Use small same-as-previous-sample entries instead of DuplicateLastSample for AUTO_PROFILER_THREAD_SLEEP samples
Categories
(Core :: Gecko Profiler, task, P2)
Tracking
()
| Tracking | Status | |
|---|---|---|
| firefox93 | --- | fixed |
People
(Reporter: mstange, Assigned: mozbugz)
References
(Blocks 2 open bugs)
Details
Attachments
(4 files)
At the moment, we try to reduce sampling overhead for threads that aren't running by using AUTO_PROFILER_THREAD_SLEEP: We get one stack the first time we observe a thread in the sleeping state, and then, as long as the AUTO_PROFILER_THREAD_SLEEP scope isn't exited, we just keep duplicating that sample on each sample tick. This is possible because threads don't change their stacks while they're sleeping.
However, this approach has two problems:
- Sleeping threads still occupy a lot of buffer space.
- Duplicating samples is per-sample CPU work that could be avoided.
The first idea would be to move the sample duplication to profile serialization time. At sampling time, we could just insert the sampling timestamp into the buffer and nothing else, and then the samples could be generated at serialization time.

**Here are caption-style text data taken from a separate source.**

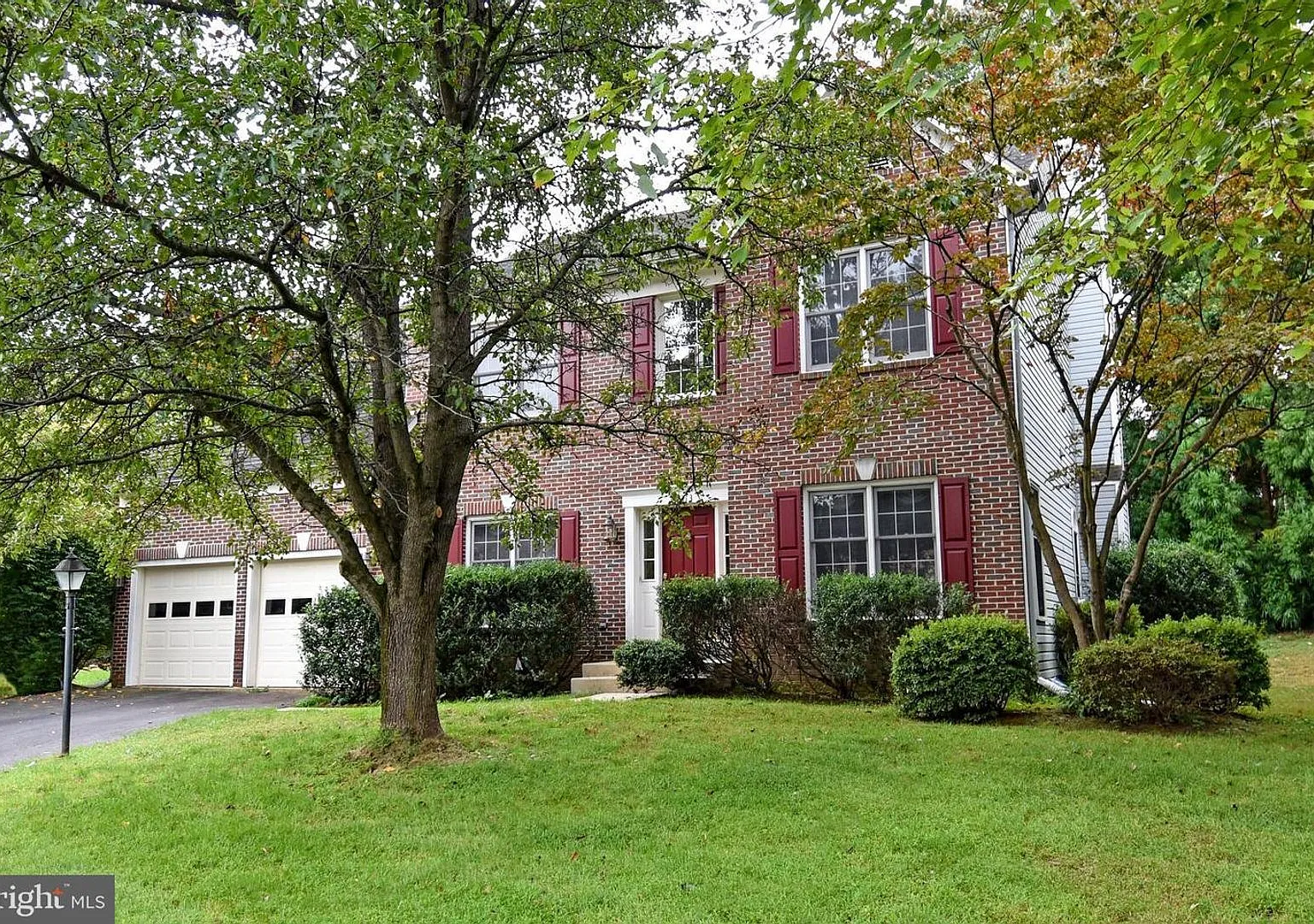 Elegant Brick Colonial on Quiet Cul-de-SacSpacious, Bright, and Private! — Photo 2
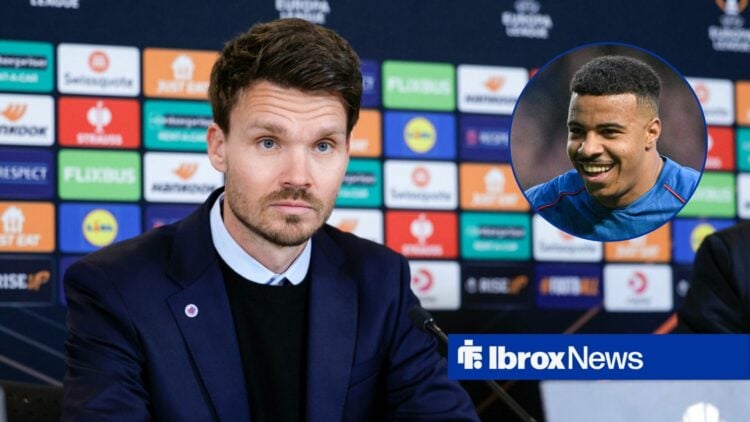 Danny Rohl looking at Hamza Igamane in circle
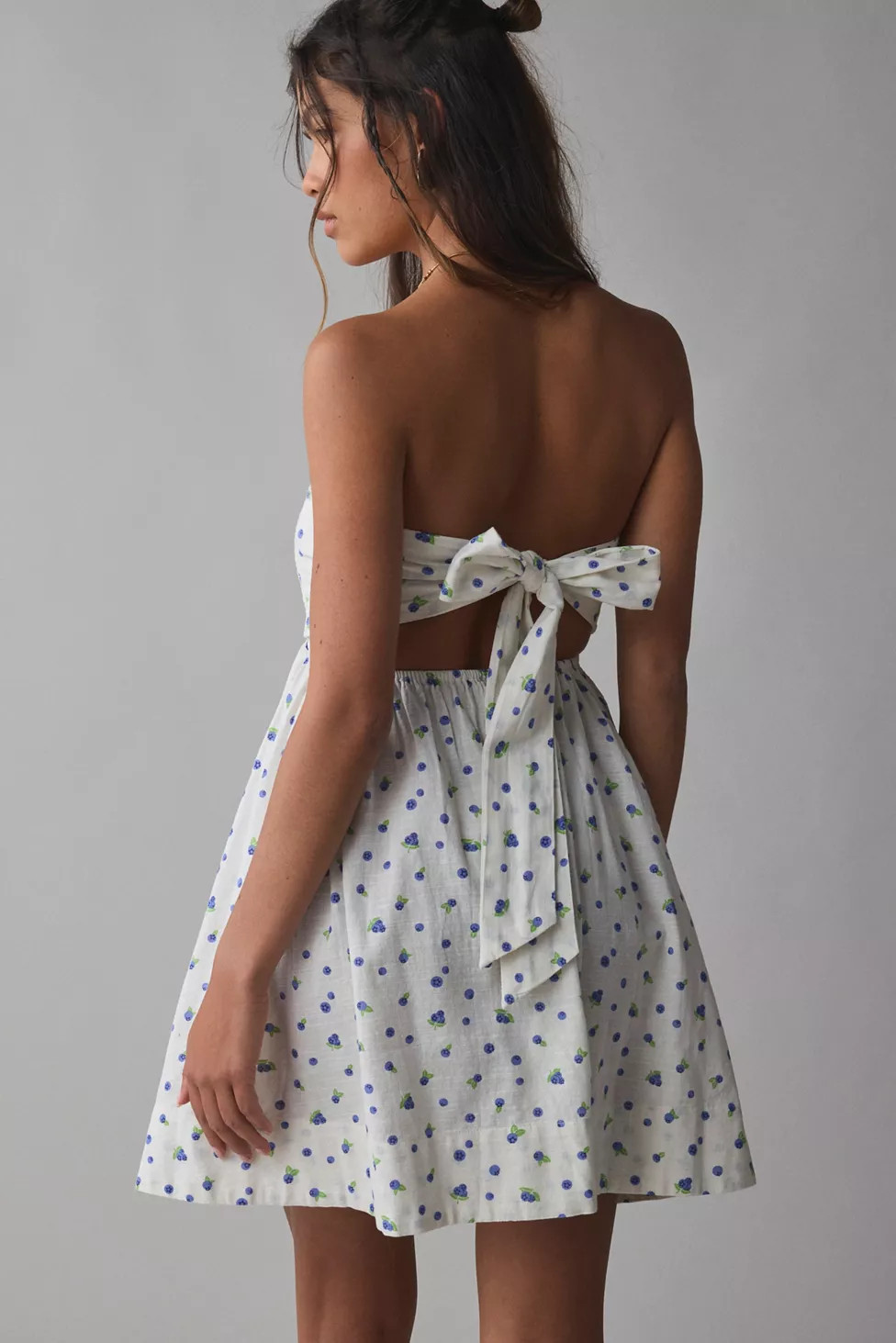 BDG Juliana Smocked Strapless Mini Dress | Urban Outfitters (US and RoW)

In fact, we wouldn't even need to duplicate any stacks at that point, because during serialization, stacks are already in a de-duplicated tree structure, so we could just repeat the stack ID of the previous sample.
But then the next idea is the following: We don't really care about the timestamps of the samples while the thread was sleeping. Sample timestamps are useful when the stack is changing. But when it's unchanging, and we know when it started and when it stopped to be in that unchanging state, then the timestamps in the middle aren't very interesting. In fact, we'd be fine having just one biiig sample for the sleeping state. And we could make such a big sample by giving our samples a duration field, and then putting a long duration on the sample from the sleeping state.
| Assignee | ||
Comment 1•5 years ago
|
||
Great idea, thank you.
Some thoughts:
About avoiding duplicating stack: If we only store the sampled stack once in the profiler buffer, there's a risk that it could "fall off" the buffer if the thread is asleep for a long time. We would need some way to either re-sample when needed, or keep the sample outside of the buffer (e.g., in RegisteredThread) to avoid destruction.

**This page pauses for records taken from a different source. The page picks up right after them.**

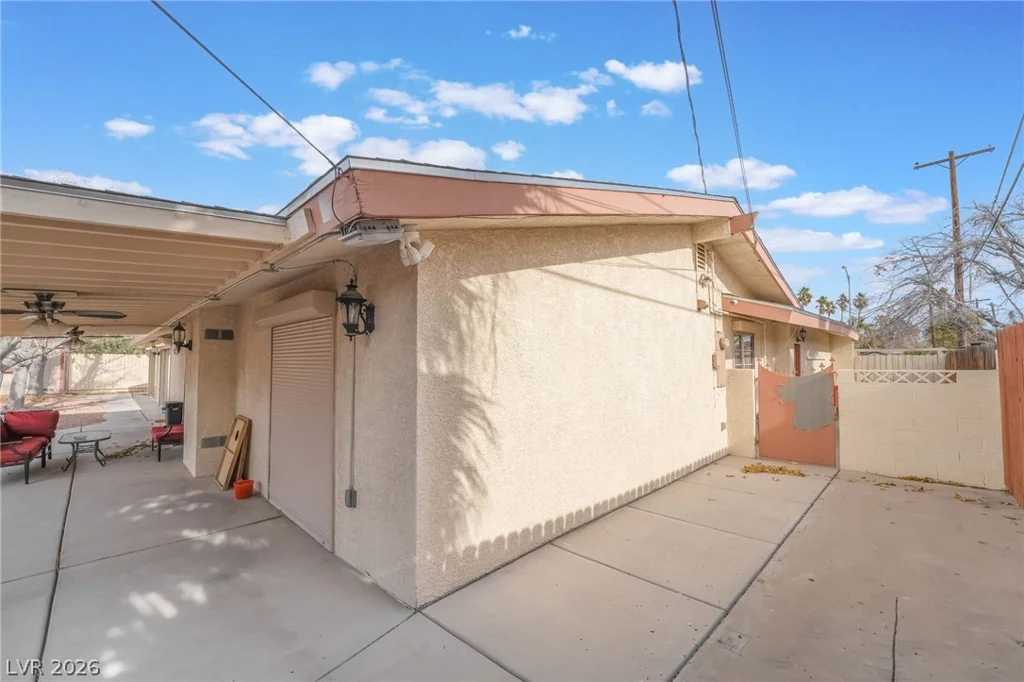 3829 Delaware, Las Vegas, NV 89169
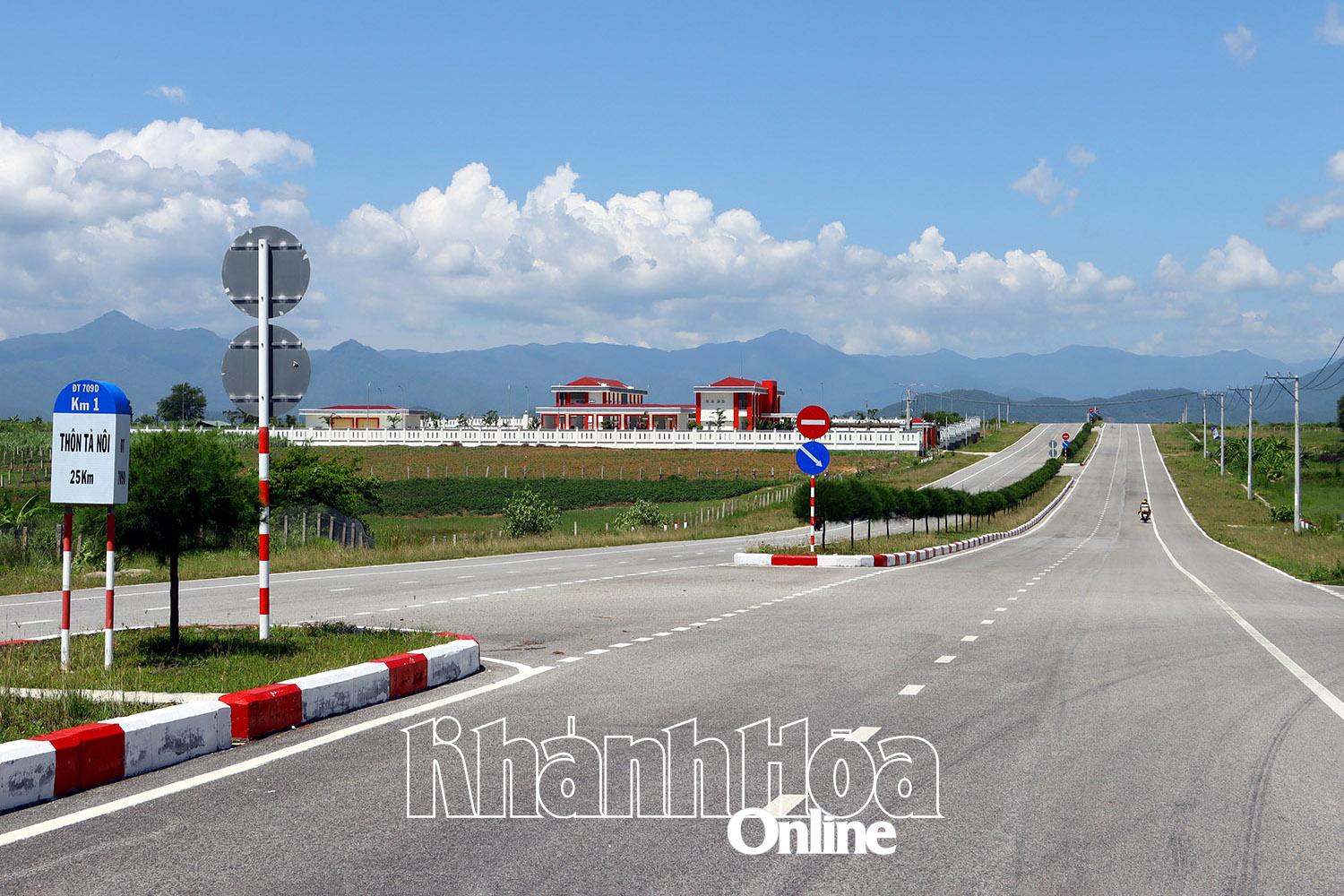 Đoạn qua xã Ninh Sơn đã hoàn thành đưa vào sử dụng, tạo điều kiện giao thương đi lại thuận lợi.
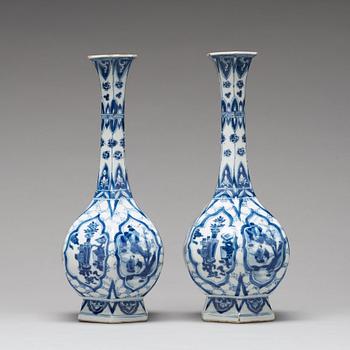 VASER, ett par, porslin. Qingdynastin, Kangxi (1662-1722).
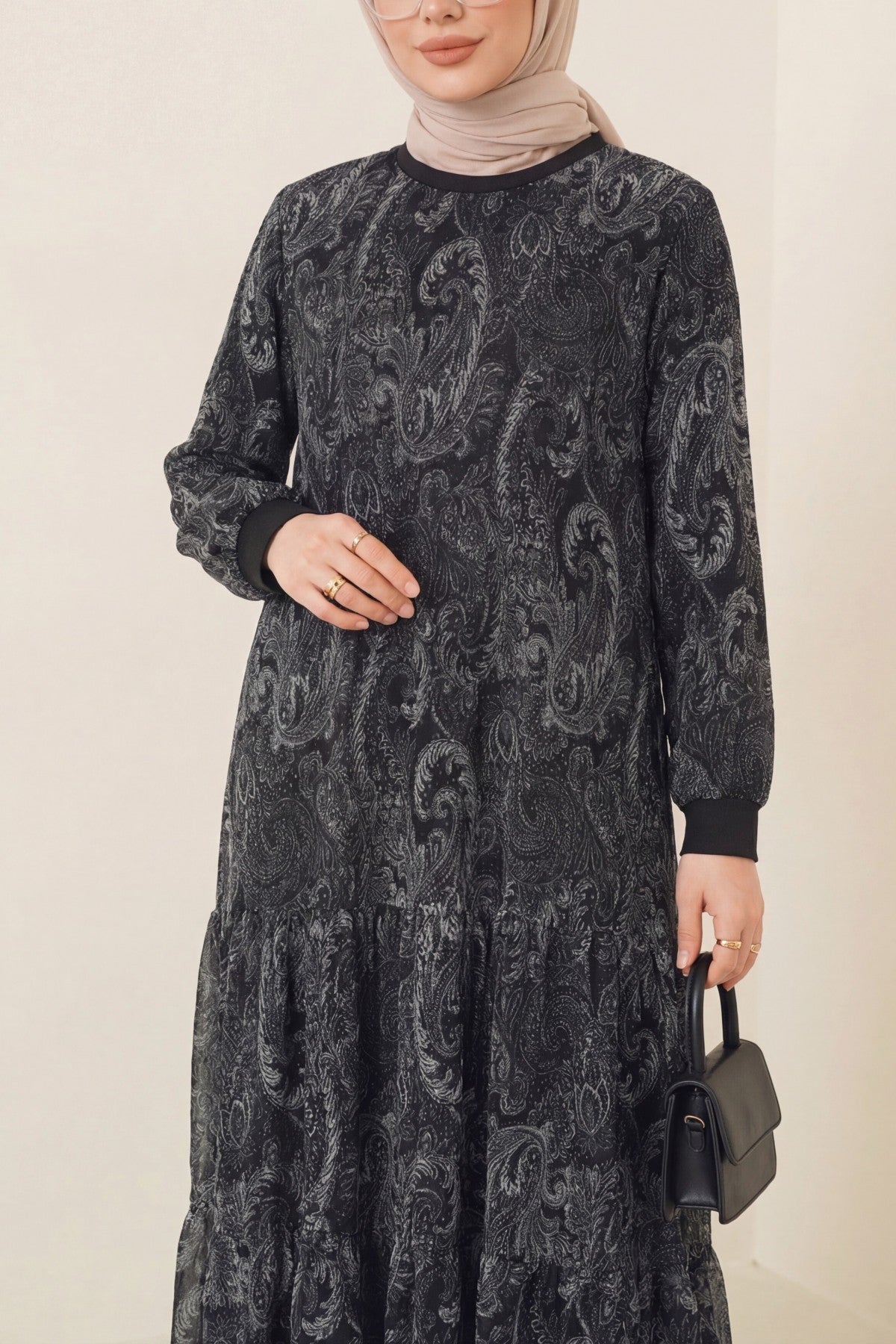 Robe en chiffon doublée avec jupe à pièces à motif ethnique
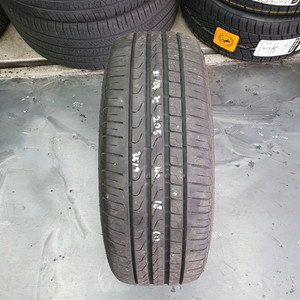 205 40 18 2054018피렐리 신투 런플 1짝판매합니다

About the "biig" sample, as you noted currently the Gecko Profiler only keeps the timestamp of each sample, the duration is later inferred during processing. So we'd need to add an extra field (duration or last timestamp), and also to make sure that the frontend correctly handles these long samples in the different stack views.
Comment 2•5 years ago
|
||
I think the UI is already ready to handle a duration property in the sample table. We use it for the "comparison" view. Also it's currently handled so that we don't need to have it on every sample, just on the ones who are different than the interval, so that would work for what you want to do here.
For now this is implemented in the processed format only, not the gecko format. So we would still need to implement this in the gecko format and implement the code to process the gecko format in our UI code.
| Assignee | ||
Comment 3•4 years ago
|
||
Florian reminded me about this bug, and I've just thought of a possible simple-enough solution to my worry about losing the original sample when its buffer chunk is destroyed:
So we'd keep the basic idea of recording a small entry with the current timestamp and the index of the original sample (instead of a full copy).
The difference will come when we're at the beginning of a new chunk: If we know that the index of the original sample is in a previous chunk, then we'd do a full copy into the new chunk, and this copy would become the new original. This way, even as we destroy old chunks, the oldest remaining chunk will always contain full usable stacks.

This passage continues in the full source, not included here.